Saturday, April 17, 2010

Ageism and Unemployment

It appears that the problem of being old and unemployed is starting to get its due. There may once have been a time when it was possible to retire tidily and in a timely fashion and never experience age discrimination in the workforce. In addition, the commonality of corporate pensions would have taken the pinch out of a forced retirement --- it wasn't a layoff with a few months' severance, but an income stream for life. Therefore, the phenomenon of ageism and employment appeared to be more of an exception than the rule and would have carried a tremendous stigma ("He really wasn't functioning on the same level anymore," "She just couldn't take the hint and retire..."). Considering that most of the rule-makers and policy setters in our country come from this ilk - the college educated, white-collar job-set, the relative invisibility of age discrimination in the corporate world insured that there was a lack of appreciation for the problem in general... until now. Because of the economic downturn and the timing as it relates to the anticipated retirement of aging boomers... the problem is much more evident.
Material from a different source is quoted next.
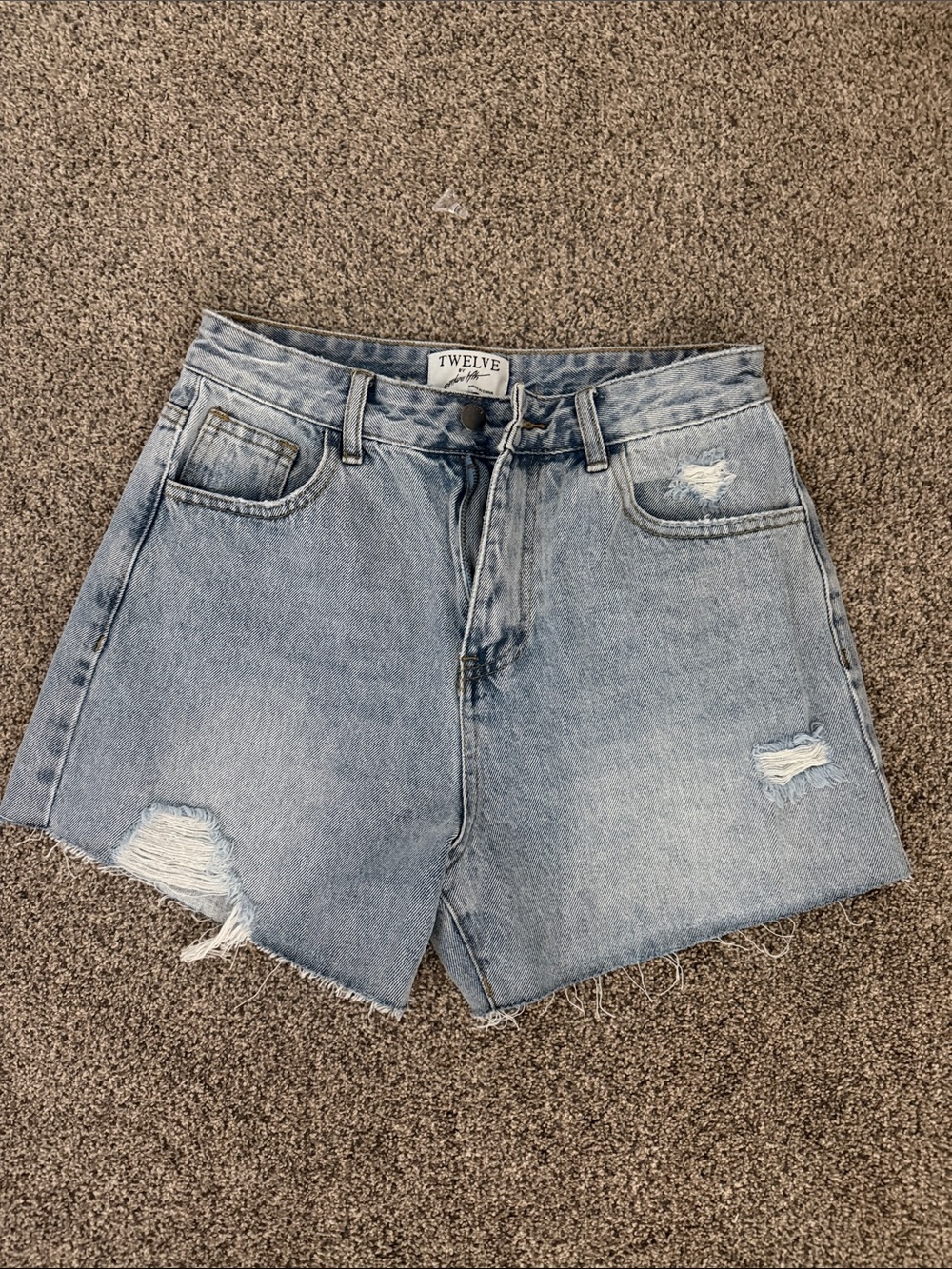 Twelve by Twelve Light Wash Distressed Denim Shorts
I'm not sure if it's just that my awareness is now heightened, or that, because of the conditions of the moment (lots of people approaching retirement age with wiped out retirement savings and high numbers of joblessness), but the issue seems to be coming up a lot more in the media. 

Just today, I noted it in this article on local homeless services:

"These people are desperate," O'Mara said. "They've paid taxes all their lives; they've never not been able to work. They don't qualify for much of the aid that's available because they have too many assets. But what do all these assets matter when you're 50 years old and you can't find a job?"